Des coûts d’exploitation qui ne cessent de grimper
La flambée du prix du gazole a alourdi les charges des bateaux de pêche de façon significative. Les salaires des marins, eux, doivent être maintenus même quand les captures diminuent. Quand un bulotier rentre au port avec deux fois moins de coquillages qu’il y a cinq ans, ses coûts fixes ne sont pas couverts pour autant. Cette équation se répercute mécaniquement sur le prix de vente final. Les poissonniers absorbent une partie de la pression, mais pas l’intégralité.
Les stocks de bulots se sont-ils vraiment effondrés ?
Les chiffres parlent d’eux-mêmes. À Granville, premier port bulotier d’Europe et détenteur de l’IGP « Bulot de la baie de Granville », les volumes débarqués sont passés de 30 tonnes à 7 ou 8 tonnes en moins de dix ans, soit une baisse de plus de 75 %. À l’échelle de la Manche ouest, les débarquements sont passés de 13 500 tonnes en 2012 à moins de 8 000 tonnes plus récemment, une chute de 40 % en une décennie.
Jérôme Féron, pêcheur basé à Dieppe, résume la situation avec une clarté sans détour : son quota théorique est de 1,2 tonne par sortie, mais ses captures réelles tournent autour de 600 kg. Même le « bulot moche », ces individus trop petits ou mal formés que les mareyeurs rejetaient autrefois systématiquement, est désormais commercialisé tant la ressource se fait rare.

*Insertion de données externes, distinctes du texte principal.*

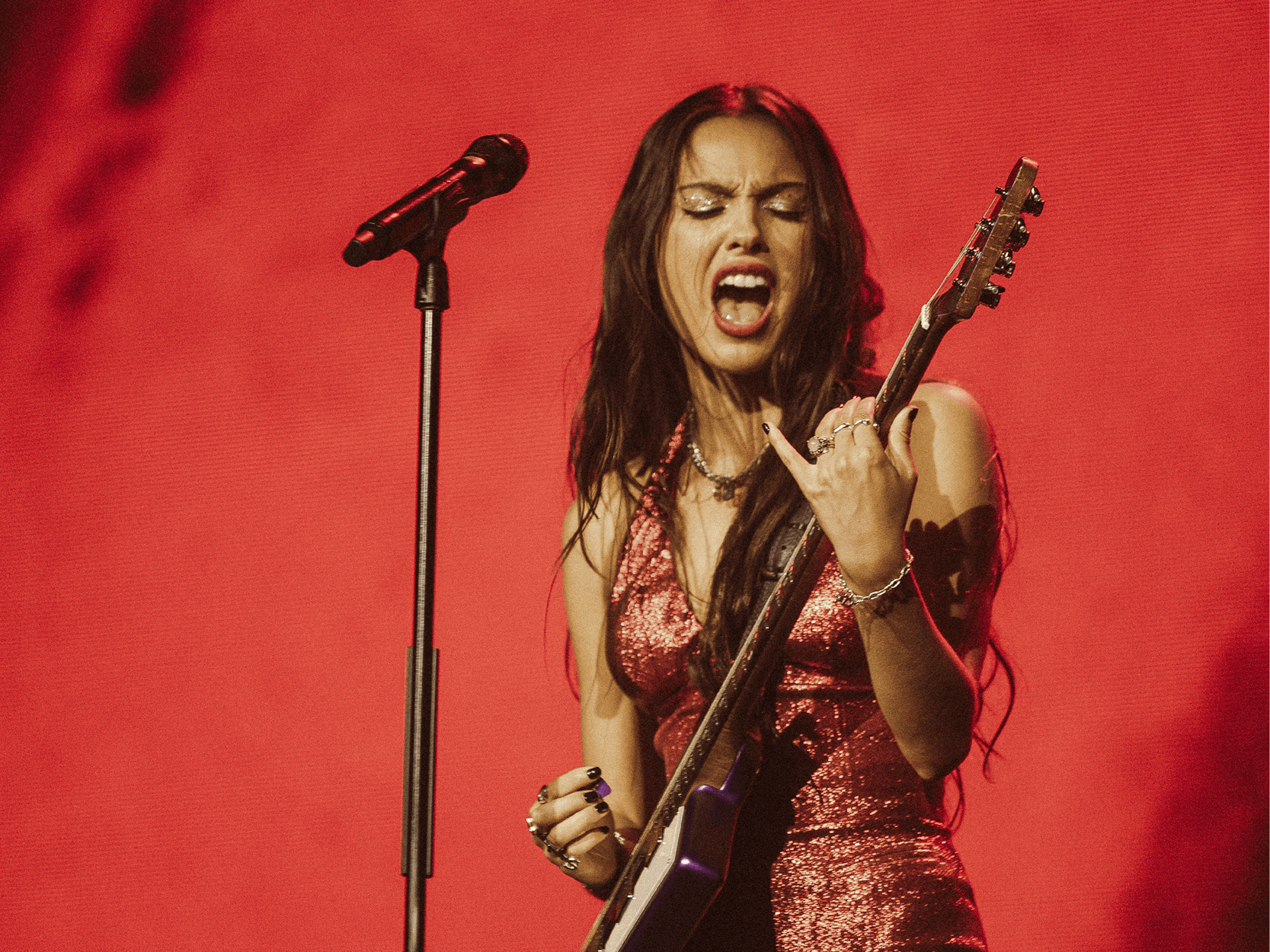 American singer Olivia Rodrigo playing guitar during a performance on stage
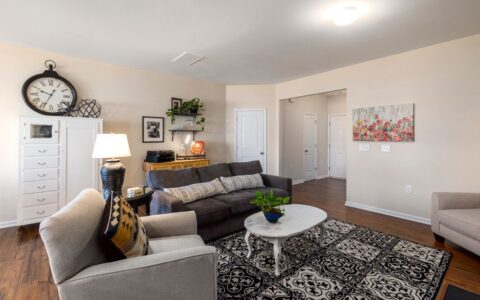 Spacious living room with modern decor, featuring a comfortable sofa and stylish accents.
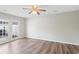Bedroom offers a fan, neutral walls and laminated floors with backyard access at 6304 Timberline Dr. # B, Myrtle Beach, SC 29572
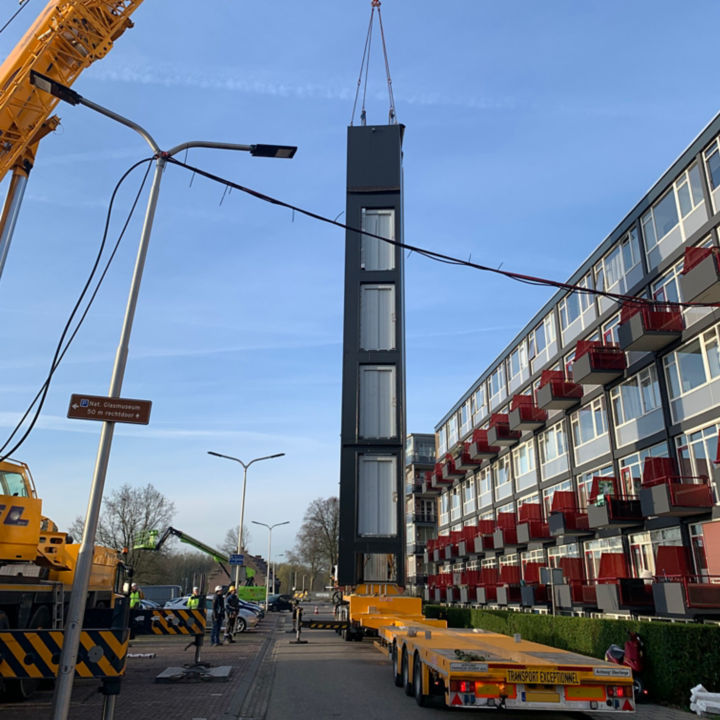 Prefabricated elevator module being lifted by a large crane before installation.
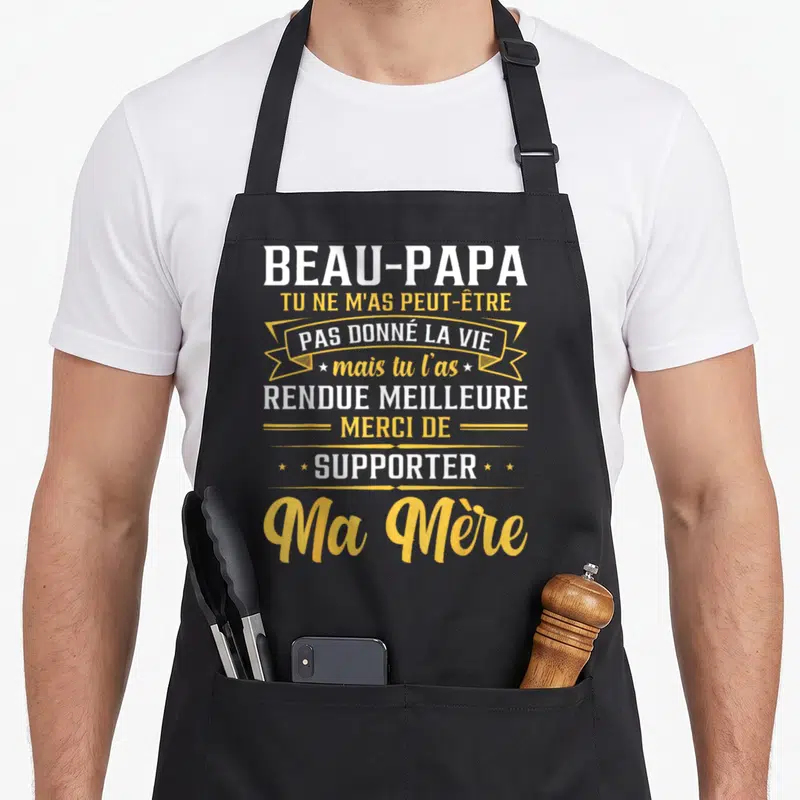 Tablier de cuisine noir avec inscription blanche et jaune rendant hommage au beau-papa pour avoir supporté la mère du porteur.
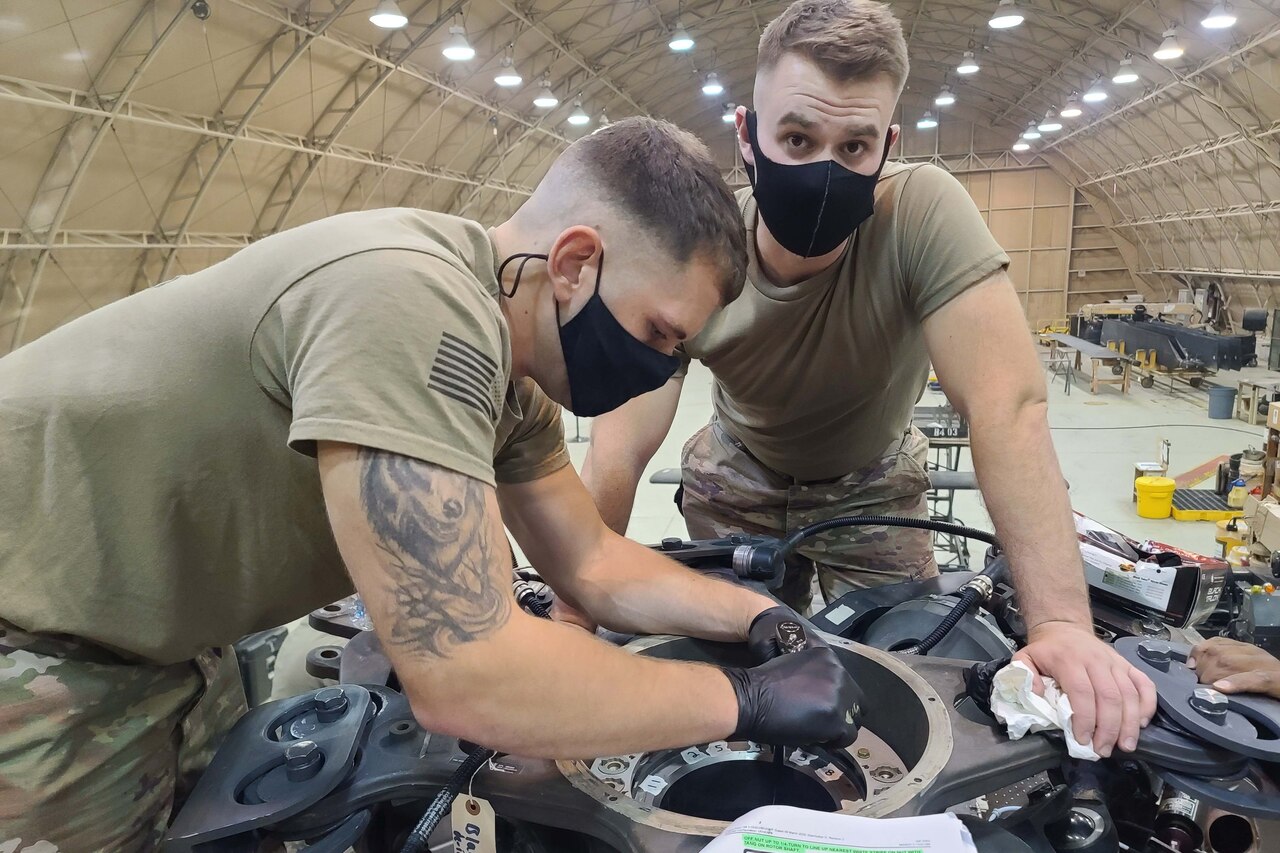 Two men work on a helicopter inside a hangar.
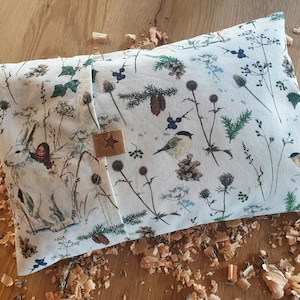 Könnte beinhalten: Rechteckiges Kissen mit einem skurrilen Winterwald-Druck. Das Design zeigt einen weißen Hasen mit einer Fee, Vögeln, Tannenzapfen und verschiedenen Pflanzen in Grün-, Blau- und Brauntönen. Ein braunes Lederetikett mit einem Stern ist angebracht.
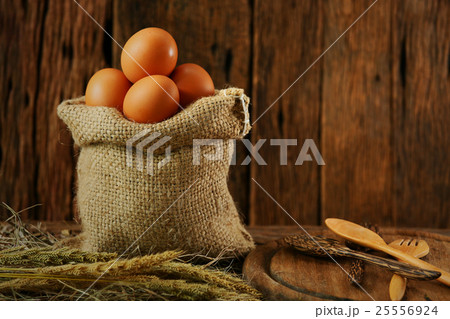 Fresh eggs on wooden background from farm Fresh eggs on wooden background from farm 25556924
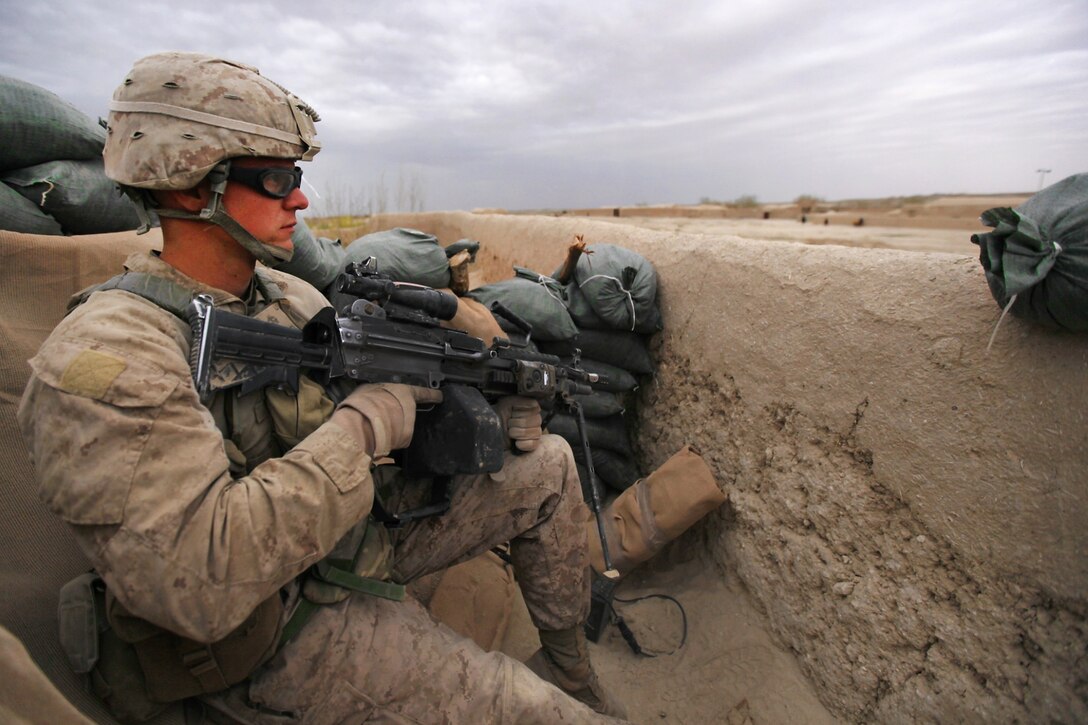 U.S. Marine Corps Cpl. Daniel Thompson posts security while members of an Afghan narcotics interdiction unit search a compound during Operation Speargun in Urmuz, Afghanistan, March 27, 2012. Thompson is a fire team leader assigned to Alpha Company, 1st Combat Engineer Battalion, 8th Marine Regiment.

C’est un signal fort.
Des mesures de régulation ont été engagées : réduction des quotas depuis 2020, fermeture de la pêche le week-end dans la plupart des ports normands, fermeture totale en janvier à Granville. Selon Dimitri Rogoff, président du Comité régional des pêches de Normandie, le bulot pourrait bien devenir un produit de luxe si la tendance ne s’inverse pas. Certains bulotiers demandent déjà une double licence pour se reconvertir vers la coquille Saint-Jacques, dont la biomasse progresse dans les mêmes zones.
Pour aller plus loin sur la question du rapport qualité-prix dans les produits régionaux français, vous pouvez consulter notre article sur les vins de Bourgogne accessibles sans sacrifier la qualité.
Comment bien choisir ses bulots et en tirer le meilleur ?
À ce prix, autant savoir ce qu’on achète. Voici les critères à vérifier avant de mettre des bulots dans votre panier :
- Couleur ivoire : c’est le signe d’un bulot frais. Une teinte beige ou rosée indique que le coquillage a vieilli.
- Taille : un gros bulot offre une chair plus ferme et plus dense.
- Conservation : les bulots cuits en coquille se gardent 5 à 7 jours au réfrigérateur. Après ouverture, consommez-les dans les 24 heures.
- Quantité : comptez 500 g par personne pour une entrée généreuse.
Sur le plan nutritionnel, le bulot présente un profil solide : riche en protéines, très faible en matières grasses, et bonne source de minéraux. À grammage équivalent, peu de produits de la mer offrent ce rapport valeur nutritive/prix, même à 20 € le kilo. C’est un argument qui pèse quand on hésite à arbitrer sur le plateau de fruits de mer.